→ PROBLEM REQUIREMENTS: What is needed is an exact copy of all the lines below.

[Opening DATASET RECORDS section]

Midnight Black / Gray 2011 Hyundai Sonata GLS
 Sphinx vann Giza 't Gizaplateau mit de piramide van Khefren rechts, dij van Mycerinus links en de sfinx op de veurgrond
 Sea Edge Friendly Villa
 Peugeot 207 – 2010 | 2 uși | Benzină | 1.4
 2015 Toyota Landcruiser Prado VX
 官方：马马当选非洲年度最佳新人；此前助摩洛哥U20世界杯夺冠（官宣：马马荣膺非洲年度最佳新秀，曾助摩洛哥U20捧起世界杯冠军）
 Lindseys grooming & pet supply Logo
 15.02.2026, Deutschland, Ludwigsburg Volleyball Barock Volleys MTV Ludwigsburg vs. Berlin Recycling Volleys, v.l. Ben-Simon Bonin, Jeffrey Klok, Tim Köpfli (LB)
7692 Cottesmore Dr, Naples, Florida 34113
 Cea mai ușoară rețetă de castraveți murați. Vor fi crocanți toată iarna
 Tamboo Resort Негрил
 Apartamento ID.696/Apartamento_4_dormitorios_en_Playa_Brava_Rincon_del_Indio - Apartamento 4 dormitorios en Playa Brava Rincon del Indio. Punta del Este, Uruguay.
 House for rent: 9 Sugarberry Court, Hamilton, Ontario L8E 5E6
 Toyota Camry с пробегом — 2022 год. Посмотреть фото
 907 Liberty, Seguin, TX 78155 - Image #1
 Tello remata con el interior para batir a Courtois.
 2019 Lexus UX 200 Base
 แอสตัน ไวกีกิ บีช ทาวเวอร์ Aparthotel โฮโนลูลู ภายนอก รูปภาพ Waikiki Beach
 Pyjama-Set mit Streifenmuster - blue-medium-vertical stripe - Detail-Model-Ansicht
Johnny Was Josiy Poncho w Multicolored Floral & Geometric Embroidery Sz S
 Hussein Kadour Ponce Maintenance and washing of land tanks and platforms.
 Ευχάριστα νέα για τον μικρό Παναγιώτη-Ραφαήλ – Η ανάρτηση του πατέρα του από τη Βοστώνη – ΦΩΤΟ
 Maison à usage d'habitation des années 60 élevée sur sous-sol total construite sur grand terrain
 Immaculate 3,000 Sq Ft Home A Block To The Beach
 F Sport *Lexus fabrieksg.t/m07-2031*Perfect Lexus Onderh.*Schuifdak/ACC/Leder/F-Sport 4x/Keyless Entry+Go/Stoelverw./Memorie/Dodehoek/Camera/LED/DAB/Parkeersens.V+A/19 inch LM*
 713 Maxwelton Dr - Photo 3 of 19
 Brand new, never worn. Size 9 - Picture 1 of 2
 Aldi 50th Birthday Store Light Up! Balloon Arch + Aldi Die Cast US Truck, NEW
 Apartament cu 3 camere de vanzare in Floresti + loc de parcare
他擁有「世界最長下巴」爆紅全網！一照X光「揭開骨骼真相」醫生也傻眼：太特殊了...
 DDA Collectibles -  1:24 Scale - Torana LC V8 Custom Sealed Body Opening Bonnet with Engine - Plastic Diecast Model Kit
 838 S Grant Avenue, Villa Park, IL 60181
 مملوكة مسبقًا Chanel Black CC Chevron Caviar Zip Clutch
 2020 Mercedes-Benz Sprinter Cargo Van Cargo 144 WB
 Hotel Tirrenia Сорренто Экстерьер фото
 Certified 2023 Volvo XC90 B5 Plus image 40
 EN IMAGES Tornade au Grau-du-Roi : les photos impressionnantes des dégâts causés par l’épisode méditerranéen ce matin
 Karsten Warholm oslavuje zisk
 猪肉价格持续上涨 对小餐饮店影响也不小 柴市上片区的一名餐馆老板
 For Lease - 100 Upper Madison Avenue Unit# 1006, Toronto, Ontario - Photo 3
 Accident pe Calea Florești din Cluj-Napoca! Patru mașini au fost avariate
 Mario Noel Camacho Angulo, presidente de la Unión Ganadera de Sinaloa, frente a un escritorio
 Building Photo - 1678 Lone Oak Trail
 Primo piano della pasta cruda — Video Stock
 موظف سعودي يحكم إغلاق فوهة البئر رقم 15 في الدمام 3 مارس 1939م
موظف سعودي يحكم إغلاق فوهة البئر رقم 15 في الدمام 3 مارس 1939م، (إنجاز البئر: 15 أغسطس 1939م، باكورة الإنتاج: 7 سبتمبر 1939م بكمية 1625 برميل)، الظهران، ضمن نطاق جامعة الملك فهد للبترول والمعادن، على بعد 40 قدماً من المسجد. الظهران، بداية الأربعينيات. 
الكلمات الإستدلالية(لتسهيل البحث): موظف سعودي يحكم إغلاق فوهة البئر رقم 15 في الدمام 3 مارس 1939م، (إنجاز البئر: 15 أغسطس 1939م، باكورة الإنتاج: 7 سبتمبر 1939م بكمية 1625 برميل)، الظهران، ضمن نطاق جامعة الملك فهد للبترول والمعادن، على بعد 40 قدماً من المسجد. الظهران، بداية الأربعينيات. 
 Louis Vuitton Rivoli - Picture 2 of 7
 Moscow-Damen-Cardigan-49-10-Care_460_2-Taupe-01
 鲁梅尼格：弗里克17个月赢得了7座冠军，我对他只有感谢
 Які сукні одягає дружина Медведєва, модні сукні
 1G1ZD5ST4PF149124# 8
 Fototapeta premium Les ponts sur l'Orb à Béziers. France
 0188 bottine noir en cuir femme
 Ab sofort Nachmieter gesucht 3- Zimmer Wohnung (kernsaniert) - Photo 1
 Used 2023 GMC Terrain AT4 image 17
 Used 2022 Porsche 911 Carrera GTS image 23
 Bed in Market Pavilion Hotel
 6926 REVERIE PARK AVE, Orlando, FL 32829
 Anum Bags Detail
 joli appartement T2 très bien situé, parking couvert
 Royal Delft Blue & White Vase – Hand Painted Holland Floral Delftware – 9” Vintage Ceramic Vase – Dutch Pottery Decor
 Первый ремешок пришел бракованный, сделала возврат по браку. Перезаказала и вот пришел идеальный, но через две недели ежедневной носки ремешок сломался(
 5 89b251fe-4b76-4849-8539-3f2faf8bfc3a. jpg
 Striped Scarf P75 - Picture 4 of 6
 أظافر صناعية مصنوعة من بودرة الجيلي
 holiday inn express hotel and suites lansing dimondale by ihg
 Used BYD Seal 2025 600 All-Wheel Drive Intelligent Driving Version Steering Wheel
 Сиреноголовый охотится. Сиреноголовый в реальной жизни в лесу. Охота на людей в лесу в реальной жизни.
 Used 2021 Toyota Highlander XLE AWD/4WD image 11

[Closing DATASET RECORDS section]

→ OUTPUT FOR THIS TASK:
Midnight Black / Gray 2011 Hyundai Sonata GLS
 Sphinx vann Giza 't Gizaplateau mit de piramide van Khefren rechts, dij van Mycerinus links en de sfinx op de veurgrond
 Sea Edge Friendly Villa
 Peugeot 207 – 2010 | 2 uși | Benzină | 1.4
 2015 Toyota Landcruiser Prado VX
 官方：马马当选非洲年度最佳新人；此前助摩洛哥U20世界杯夺冠（官宣：马马荣膺非洲年度最佳新秀，曾助摩洛哥U20捧起世界杯冠军）
 Lindseys grooming & pet supply Logo
 15.02.2026, Deutschland, Ludwigsburg Volleyball Barock Volleys MTV Ludwigsburg vs. Berlin Recycling Volleys, v.l. Ben-Simon Bonin, Jeffrey Klok, Tim Köpfli (LB)
7692 Cottesmore Dr, Naples, Florida 34113
 Cea mai ușoară rețetă de castraveți murați. Vor fi crocanți toată iarna
 Tamboo Resort Негрил
 Apartamento ID.696/Apartamento_4_dormitorios_en_Playa_Brava_Rincon_del_Indio - Apartamento 4 dormitorios en Playa Brava Rincon del Indio. Punta del Este, Uruguay.
 House for rent: 9 Sugarberry Court, Hamilton, Ontario L8E 5E6
 Toyota Camry с пробегом — 2022 год. Посмотреть фото
 907 Liberty, Seguin, TX 78155 - Image #1
 Tello remata con el interior para batir a Courtois.
 2019 Lexus UX 200 Base
 แอสตัน ไวกีกิ บีช ทาวเวอร์ Aparthotel โฮโนลูลู ภายนอก รูปภาพ Waikiki Beach
 Pyjama-Set mit Streifenmuster - blue-medium-vertical stripe - Detail-Model-Ansicht
Johnny Was Josiy Poncho w Multicolored Floral & Geometric Embroidery Sz S
 Hussein Kadour Ponce Maintenance and washing of land tanks and platforms.
 Ευχάριστα νέα για τον μικρό Παναγιώτη-Ραφαήλ – Η ανάρτηση του πατέρα του από τη Βοστώνη – ΦΩΤΟ
 Maison à usage d'habitation des années 60 élevée sur sous-sol total construite sur grand terrain
 Immaculate 3,000 Sq Ft Home A Block To The Beach
 F Sport *Lexus fabrieksg.t/m07-2031*Perfect Lexus Onderh.*Schuifdak/ACC/Leder/F-Sport 4x/Keyless Entry+Go/Stoelverw./Memorie/Dodehoek/Camera/LED/DAB/Parkeersens.V+A/19 inch LM*
 713 Maxwelton Dr - Photo 3 of 19
 Brand new, never worn. Size 9 - Picture 1 of 2
 Aldi 50th Birthday Store Light Up! Balloon Arch + Aldi Die Cast US Truck, NEW
 Apartament cu 3 camere de vanzare in Floresti + loc de parcare
他擁有「世界最長下巴」爆紅全網！一照X光「揭開骨骼真相」醫生也傻眼：太特殊了...
 DDA Collectibles -  1:24 Scale - Torana LC V8 Custom Sealed Body Opening Bonnet with Engine - Plastic Diecast Model Kit
 838 S Grant Avenue, Villa Park, IL 60181
 مملوكة مسبقًا Chanel Black CC Chevron Caviar Zip Clutch
 2020 Mercedes-Benz Sprinter Cargo Van Cargo 144 WB
 Hotel Tirrenia Сорренто Экстерьер фото
 Certified 2023 Volvo XC90 B5 Plus image 40
 EN IMAGES Tornade au Grau-du-Roi : les photos impressionnantes des dégâts causés par l’épisode méditerranéen ce matin
 Karsten Warholm oslavuje zisk
 猪肉价格持续上涨 对小餐饮店影响也不小 柴市上片区的一名餐馆老板
 For Lease - 100 Upper Madison Avenue Unit# 1006, Toronto, Ontario - Photo 3
 Accident pe Calea Florești din Cluj-Napoca! Patru mașini au fost avariate
 Mario Noel Camacho Angulo, presidente de la Unión Ganadera de Sinaloa, frente a un escritorio
 Building Photo - 1678 Lone Oak Trail
 Primo piano della pasta cruda — Video Stock
 موظف سعودي يحكم إغلاق فوهة البئر رقم 15 في الدمام 3 مارس 1939م
موظف سعودي يحكم إغلاق فوهة البئر رقم 15 في الدمام 3 مارس 1939م، (إنجاز البئر: 15 أغسطس 1939م، باكورة الإنتاج: 7 سبتمبر 1939م بكمية 1625 برميل)، الظهران، ضمن نطاق جامعة الملك فهد للبترول والمعادن، على بعد 40 قدماً من المسجد. الظهران، بداية الأربعينيات. 
الكلمات الإستدلالية(لتسهيل البحث): موظف سعودي يحكم إغلاق فوهة البئر رقم 15 في الدمام 3 مارس 1939م، (إنجاز البئر: 15 أغسطس 1939م، باكورة الإنتاج: 7 سبتمبر 1939م بكمية 1625 برميل)، الظهران، ضمن نطاق جامعة الملك فهد للبترول والمعادن، على بعد 40 قدماً من المسجد. الظهران، بداية الأربعينيات. 
 Louis Vuitton Rivoli - Picture 2 of 7
 Moscow-Damen-Cardigan-49-10-Care_460_2-Taupe-01
 鲁梅尼格：弗里克17个月赢得了7座冠军，我对他只有感谢
 Які сукні одягає дружина Медведєва, модні сукні
 1G1ZD5ST4PF149124# 8
 Fototapeta premium Les ponts sur l'Orb à Béziers. France
 0188 bottine noir en cuir femme
 Ab sofort Nachmieter gesucht 3- Zimmer Wohnung (kernsaniert) - Photo 1
 Used 2023 GMC Terrain AT4 image 17
 Used 2022 Porsche 911 Carrera GTS image 23
 Bed in Market Pavilion Hotel
 6926 REVERIE PARK AVE, Orlando, FL 32829
 Anum Bags Detail
 joli appartement T2 très bien situé, parking couvert
 Royal Delft Blue & White Vase – Hand Painted Holland Floral Delftware – 9” Vintage Ceramic Vase – Dutch Pottery Decor
 Первый ремешок пришел бракованный, сделала возврат по браку. Перезаказала и вот пришел идеальный, но через две недели ежедневной носки ремешок сломался(
 5 89b251fe-4b76-4849-8539-3f2faf8bfc3a. jpg
 Striped Scarf P75 - Picture 4 of 6
 أظافر صناعية مصنوعة من بودرة الجيلي
 holiday inn express hotel and suites lansing dimondale by ihg
 Used BYD Seal 2025 600 All-Wheel Drive Intelligent Driving Version Steering Wheel
 Сиреноголовый охотится. Сиреноголовый в реальной жизни в лесу. Охота на людей в лесу в реальной жизни.
 Used 2021 Toyota Highlander XLE AWD/4WD image 11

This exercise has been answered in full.